In the last decade of his life, Okakura became a fixture in the art world and upper class circles of Boston society, developing a particularly close relationship with Isabella Stewart Gardner. While serving as head of the Asiatic Art section at the Museum of Fine Arts, he frequently led tea ceremonies at the Gardner house, Fenway Court, and later gave his tea set to Mrs. Gardner as a gift.

Though he himself painted a number of compositions, his contributions as an intellectual and art critic were far more significant. He wrote and published a number of very influential books on the essence of Asianness and Japaneseness and on Japanese culture and art, and attended the 1904 St. Louis Louisiana Purchase Exposition (World's Fair), where he gave talks and distributed pamphlets. He was a strong advocate for the idea that only Asians could fully and properly understand and appreciate Asian culture, and believed strongly in an inherent Japanese cultural superiority. At a time when Westerners continued to espouse Orientalist attitudes about Western superiority, seeing the East as primitive and backwards, and when Japan eagerly adopted a myriad of aspects of Western culture, associating it with modernity and their own traditional culture with the primitive and the backwards, Okakura advanced the idea of the East as the home of a more spiritual, culturally superior civilization, the West as representative of modern decadence and materialism. His three most famous books, Ideals of the East, The Book of Tea, and The Awakening of Japan, were written and published originally in English, for a Western audience.

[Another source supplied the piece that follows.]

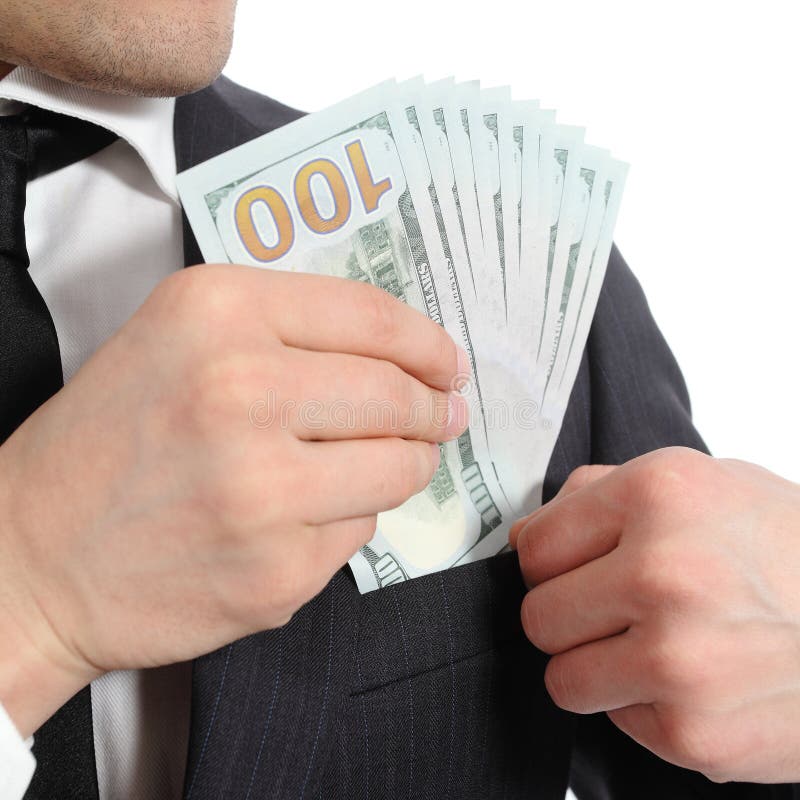 Close up of a business man hand keeping money in his pocket isolated on a white background. Close up of a business man hand keeping money in his pocket isolated on a white background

Through his writings, talks, and other activities, he established a reputation for himself as one of the chief experts on Asian art and culture. Though he is known to have worn Western-style formal suits in Japan, he made a point of always appearing in public in the West in Japanese kimono. Though most Japanese at this time saw Western clothing as elements of a modern society, and kimono as backwards and provincial, in the eyes of Americans, Okakura's kimono lent him a greater air of authenticity. Dressed in kimono, he was seen by Americans as more in touch with his own culture, and someone who could more rightly be seen as an authority on it.

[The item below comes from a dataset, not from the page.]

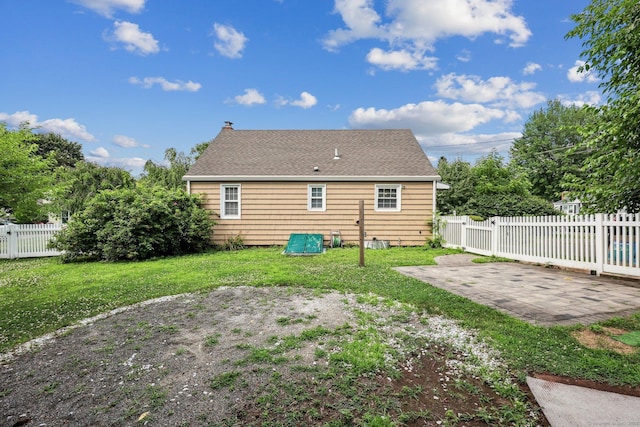 17 Burke Rd, Vernon, CT 06066 - rear view of property featuring a patio, a shingled roof, and a chimney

He also hired Tomita Kôjirô, one of his students, to aid in translation and research efforts at the Boston Museum. Tomita would go on to become curator in 1931.

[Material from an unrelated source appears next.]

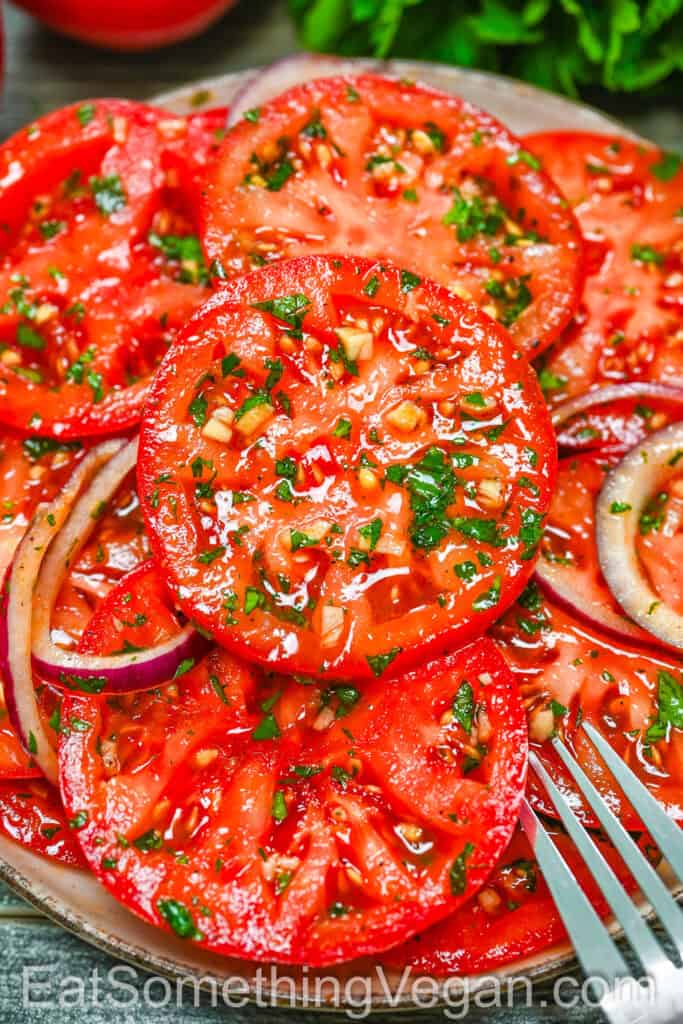 Marinated Tomatoes with onion and herbs, close-up with a fork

Okakura died in 1913, and was succeeded as head of the department by John Ellerton Lodge.

References

  • Chen, Constance J.S. "Transnational Orientals: Scholars of Art, National Discourses, and the Question of Intellectual Authority." Journal of Asian American Studies. 9:3 (October 2006). pp215-242.
  • Mason, Penelope. History of Japanese Art. Second Edition. Upper Saddle River, NJ: Pearson Prentice Hall, 2005. pp363, 366-367.